TASK ITEM
Produce an exact copy of the first line of the data below and each line after it, please, up to and including the one with "Dolce & Gabbana".

RECORDS PROVIDED
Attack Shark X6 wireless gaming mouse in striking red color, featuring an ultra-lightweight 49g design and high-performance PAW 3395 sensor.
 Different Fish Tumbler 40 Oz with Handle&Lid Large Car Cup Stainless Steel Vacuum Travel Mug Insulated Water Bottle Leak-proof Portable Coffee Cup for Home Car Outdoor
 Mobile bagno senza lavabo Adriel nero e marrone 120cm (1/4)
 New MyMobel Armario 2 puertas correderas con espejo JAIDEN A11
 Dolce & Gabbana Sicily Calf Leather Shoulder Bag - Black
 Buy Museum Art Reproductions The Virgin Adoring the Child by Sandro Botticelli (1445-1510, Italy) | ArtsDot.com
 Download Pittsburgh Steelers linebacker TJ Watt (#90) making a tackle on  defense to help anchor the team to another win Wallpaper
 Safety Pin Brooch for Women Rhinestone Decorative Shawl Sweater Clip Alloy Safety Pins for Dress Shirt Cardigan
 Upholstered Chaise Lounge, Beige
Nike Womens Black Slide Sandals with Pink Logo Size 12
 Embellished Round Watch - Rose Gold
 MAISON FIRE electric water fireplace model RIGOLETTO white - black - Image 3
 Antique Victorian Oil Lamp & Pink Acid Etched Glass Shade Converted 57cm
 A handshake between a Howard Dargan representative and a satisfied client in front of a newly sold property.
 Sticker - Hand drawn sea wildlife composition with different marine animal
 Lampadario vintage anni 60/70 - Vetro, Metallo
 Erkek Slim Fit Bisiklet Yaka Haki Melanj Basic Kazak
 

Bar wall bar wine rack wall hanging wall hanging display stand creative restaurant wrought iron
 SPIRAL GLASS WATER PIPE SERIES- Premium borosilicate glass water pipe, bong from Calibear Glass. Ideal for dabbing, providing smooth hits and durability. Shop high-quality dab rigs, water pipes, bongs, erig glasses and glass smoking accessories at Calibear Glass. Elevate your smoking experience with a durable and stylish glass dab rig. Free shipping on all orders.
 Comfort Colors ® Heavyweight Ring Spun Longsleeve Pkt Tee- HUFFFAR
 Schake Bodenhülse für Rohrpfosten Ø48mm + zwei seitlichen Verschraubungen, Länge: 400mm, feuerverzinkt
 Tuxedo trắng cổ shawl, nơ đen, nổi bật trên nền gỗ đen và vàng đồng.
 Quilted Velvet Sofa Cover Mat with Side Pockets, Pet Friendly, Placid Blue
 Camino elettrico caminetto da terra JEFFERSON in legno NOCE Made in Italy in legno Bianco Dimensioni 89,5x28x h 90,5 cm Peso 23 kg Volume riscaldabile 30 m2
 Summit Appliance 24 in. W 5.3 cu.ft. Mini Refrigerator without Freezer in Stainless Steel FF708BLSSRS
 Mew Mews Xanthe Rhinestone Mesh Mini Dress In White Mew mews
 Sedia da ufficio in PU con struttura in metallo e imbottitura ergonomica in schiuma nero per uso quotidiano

RESPONSE AREA
Attack Shark X6 wireless gaming mouse in striking red color, featuring an ultra-lightweight 49g design and high-performance PAW 3395 sensor.
 Different Fish Tumbler 40 Oz with Handle&Lid Large Car Cup Stainless Steel Vacuum Travel Mug Insulated Water Bottle Leak-proof Portable Coffee Cup for Home Car Outdoor
 Mobile bagno senza lavabo Adriel nero e marrone 120cm (1/4)
 New MyMobel Armario 2 puertas correderas con espejo JAIDEN A11
 Dolce & Gabbana Sicily Calf Leather Shoulder Bag - Black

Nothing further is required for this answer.